The parallels continue: Zipporah and her sisters hurry back home exclaiming about the amazing man at the well, but leaving him there to do so (Exodus 2:18-19), like Mary (John 4:28-29); and then Reuel, and presumably his entire family and even the servants, come to the well to meet Moses (Exodus 2:20), as do the Samaritans in John 4:30.

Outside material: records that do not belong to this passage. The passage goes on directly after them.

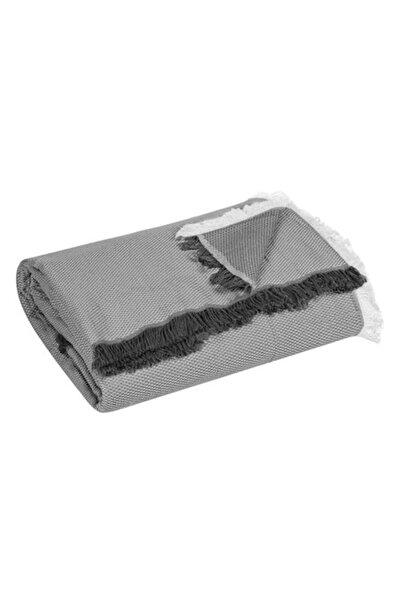 SHOPIENS Decorative Blanket Shopiens® Nordic, gray with pattern and white and anthracite fringes, 180 x 160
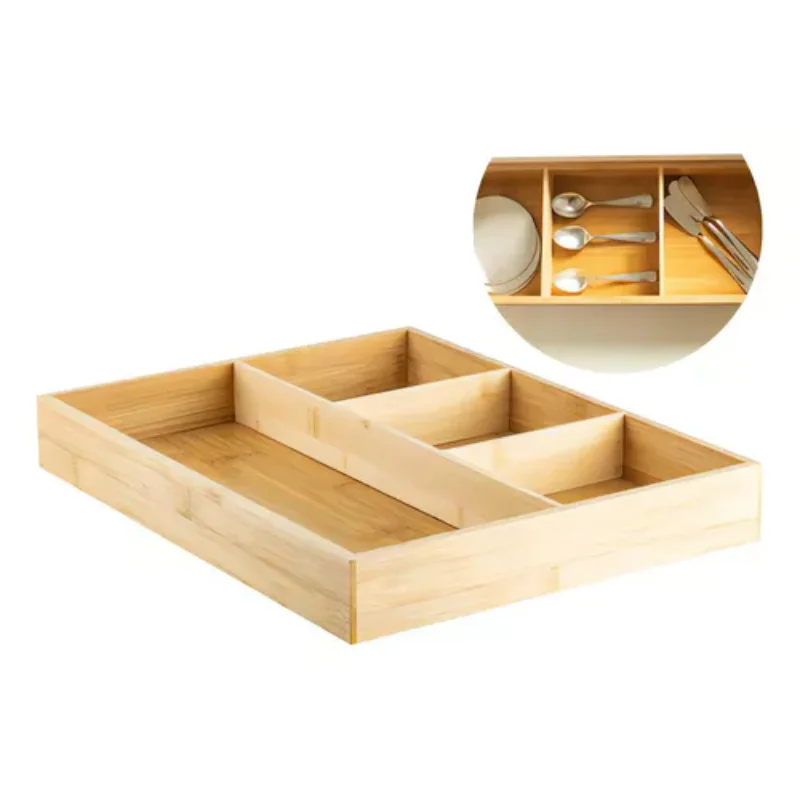 

Bamboo Drawer Organizer Modular Door Cutter Utensils Light Brown Color and Organization Organizers for Kitchen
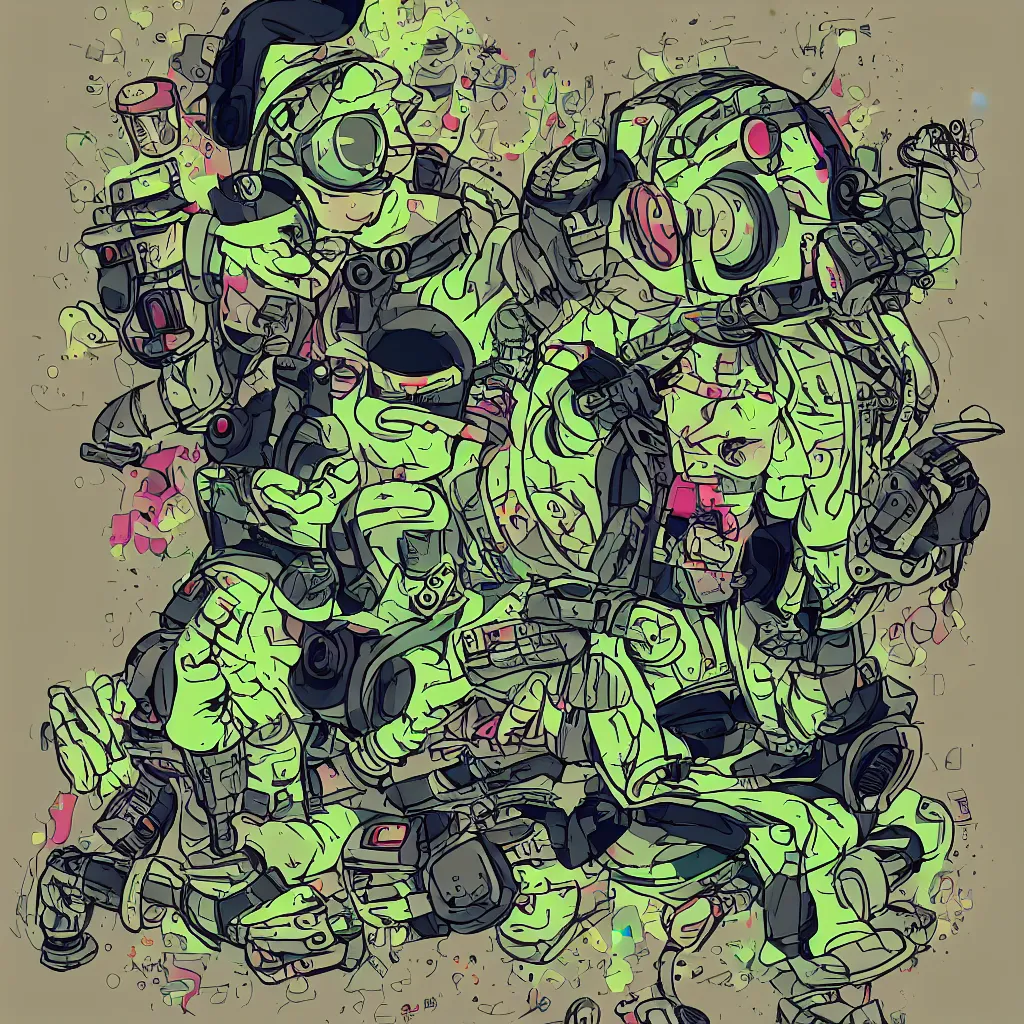 Image similar to a toad wearing headphones, ryuta ueda artwork, breakcore, style of jet set radio, y 2 k, gloom, space, cel - shaded art style, record store, data, minimal, code, cybernetic, dark, eerie, cyber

Jesus’s reply in the next verse, 4:16, appears to the casual reader to be a sudden shift in subject, telling her to go call her husband. But it is in every way a response to her hint of romantic interest and her deeper message to Jesus that she wants to escape this life. By saying “Call your husband” Jesus is obviously stating two things:

First, he is subtly referring to her marital status. No doubt thanks to her son his disciple Lazarus he already knows what it is, as further conversation will make clear. But by referring to her nonexistent husband he is giving her an opening for saying she is unmarried (which indeed she does say), which in turn gives him the opportunity to ask her to marry him.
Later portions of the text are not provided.